Reagan’s ability to set and dominate news media narratives was crucial to his success. And whether discussing international relations, military decisions, or economic policy, he often included a religious or moral dimension in his comments. Critics dismissed his claims of divine justification for secular actions, but their complaints had little impact on the president or his policies. Nor did they stop the recasting of the nation’s culture and ideology. Americans’ understanding of themselves and their world was changing. The religious worldview that accompanied this shift encompassed more than a set of sacred beliefs. It also enfolded economic tenets, social values, and political practices that would shape the United States and its citizens. Reagan knew or intuited this transformation, which mirrored his own ideas about God and country, and made it central to his political platform.
I call that cluster of religious, economic, and political beliefs an American religious imaginary. A commonsense understanding of metaphysical truths, ethical norms, and civic virtues, a religious imaginary draws on traditional religious and/or cultural notions of the common good to provide mission, identity, and purpose for citizens as individuals and as national stakeholders. A national religious imaginary can encompass a belief in the supernatural; but most important, it offers a shared orientation to everyday life, especially political and economic convictions reflecting a higher purpose.
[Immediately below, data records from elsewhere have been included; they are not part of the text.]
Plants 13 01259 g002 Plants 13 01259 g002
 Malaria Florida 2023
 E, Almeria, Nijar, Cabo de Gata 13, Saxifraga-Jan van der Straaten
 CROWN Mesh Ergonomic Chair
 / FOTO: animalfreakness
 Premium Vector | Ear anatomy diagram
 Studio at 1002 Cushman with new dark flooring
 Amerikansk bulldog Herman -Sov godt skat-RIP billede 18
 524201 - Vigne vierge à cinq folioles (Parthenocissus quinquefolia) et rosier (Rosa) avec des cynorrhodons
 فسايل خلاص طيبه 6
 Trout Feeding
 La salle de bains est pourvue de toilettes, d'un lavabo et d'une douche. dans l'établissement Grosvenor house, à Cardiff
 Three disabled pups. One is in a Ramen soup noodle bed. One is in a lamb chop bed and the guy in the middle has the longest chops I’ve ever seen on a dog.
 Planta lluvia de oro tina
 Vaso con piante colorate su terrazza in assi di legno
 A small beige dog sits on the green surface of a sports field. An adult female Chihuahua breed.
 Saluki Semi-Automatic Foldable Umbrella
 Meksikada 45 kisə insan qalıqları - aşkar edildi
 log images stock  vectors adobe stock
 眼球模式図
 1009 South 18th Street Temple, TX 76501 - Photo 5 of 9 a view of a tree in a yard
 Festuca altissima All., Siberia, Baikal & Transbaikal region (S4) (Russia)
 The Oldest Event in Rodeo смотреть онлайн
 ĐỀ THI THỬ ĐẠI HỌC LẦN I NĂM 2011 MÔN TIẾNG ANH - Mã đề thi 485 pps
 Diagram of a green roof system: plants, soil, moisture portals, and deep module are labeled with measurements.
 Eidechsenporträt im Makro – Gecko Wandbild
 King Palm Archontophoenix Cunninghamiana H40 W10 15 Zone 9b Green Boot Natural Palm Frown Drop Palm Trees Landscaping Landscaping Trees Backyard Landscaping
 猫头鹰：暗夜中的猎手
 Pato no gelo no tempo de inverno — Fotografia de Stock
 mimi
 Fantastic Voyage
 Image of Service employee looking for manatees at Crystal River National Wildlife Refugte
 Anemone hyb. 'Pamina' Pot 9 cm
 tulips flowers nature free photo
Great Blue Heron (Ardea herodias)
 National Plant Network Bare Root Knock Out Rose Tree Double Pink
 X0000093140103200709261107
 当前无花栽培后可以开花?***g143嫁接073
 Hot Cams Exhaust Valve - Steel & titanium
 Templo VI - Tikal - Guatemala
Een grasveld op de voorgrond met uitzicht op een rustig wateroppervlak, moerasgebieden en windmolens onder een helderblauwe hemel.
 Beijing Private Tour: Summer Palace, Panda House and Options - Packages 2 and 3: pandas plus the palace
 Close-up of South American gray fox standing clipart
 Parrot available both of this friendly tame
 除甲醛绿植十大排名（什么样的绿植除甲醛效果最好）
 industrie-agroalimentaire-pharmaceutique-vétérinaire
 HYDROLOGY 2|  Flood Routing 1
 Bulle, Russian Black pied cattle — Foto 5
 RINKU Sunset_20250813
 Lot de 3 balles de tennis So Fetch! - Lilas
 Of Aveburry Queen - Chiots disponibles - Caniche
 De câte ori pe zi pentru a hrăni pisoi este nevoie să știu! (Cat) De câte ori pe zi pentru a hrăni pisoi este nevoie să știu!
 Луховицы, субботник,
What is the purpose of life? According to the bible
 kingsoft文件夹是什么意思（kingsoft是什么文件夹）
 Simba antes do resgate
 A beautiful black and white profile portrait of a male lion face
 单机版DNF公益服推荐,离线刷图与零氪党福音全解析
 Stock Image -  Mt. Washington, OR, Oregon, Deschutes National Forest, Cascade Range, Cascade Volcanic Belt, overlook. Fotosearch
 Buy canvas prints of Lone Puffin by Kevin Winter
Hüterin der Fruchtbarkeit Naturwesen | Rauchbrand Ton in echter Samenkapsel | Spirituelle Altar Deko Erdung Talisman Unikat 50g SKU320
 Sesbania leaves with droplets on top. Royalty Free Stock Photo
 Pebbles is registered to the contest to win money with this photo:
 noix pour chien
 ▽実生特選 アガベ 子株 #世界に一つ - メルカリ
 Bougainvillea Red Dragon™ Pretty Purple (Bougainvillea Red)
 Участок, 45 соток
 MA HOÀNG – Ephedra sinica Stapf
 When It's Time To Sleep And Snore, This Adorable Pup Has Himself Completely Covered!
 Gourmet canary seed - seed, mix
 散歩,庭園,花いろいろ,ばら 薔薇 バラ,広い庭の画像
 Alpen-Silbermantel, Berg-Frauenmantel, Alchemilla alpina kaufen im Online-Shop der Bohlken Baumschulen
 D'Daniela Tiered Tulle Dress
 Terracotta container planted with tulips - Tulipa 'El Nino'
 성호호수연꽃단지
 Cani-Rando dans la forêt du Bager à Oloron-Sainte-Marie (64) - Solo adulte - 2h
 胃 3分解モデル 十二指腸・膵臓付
Religious imaginaries shape individual identity and social relations, including what people expect of themselves and their world; how they expect others will behave and how they interpret their own daily interactions; and most significantly, what they know to be true, real, and good. In other words, a religious imaginary instills a collective sense of what’s normal— that is, the correct way (whether for religious or for ethical reasons) to live one’s life as both a private individual and a public person. It also provides a way for people to think about national destiny and their role in its fulfillment.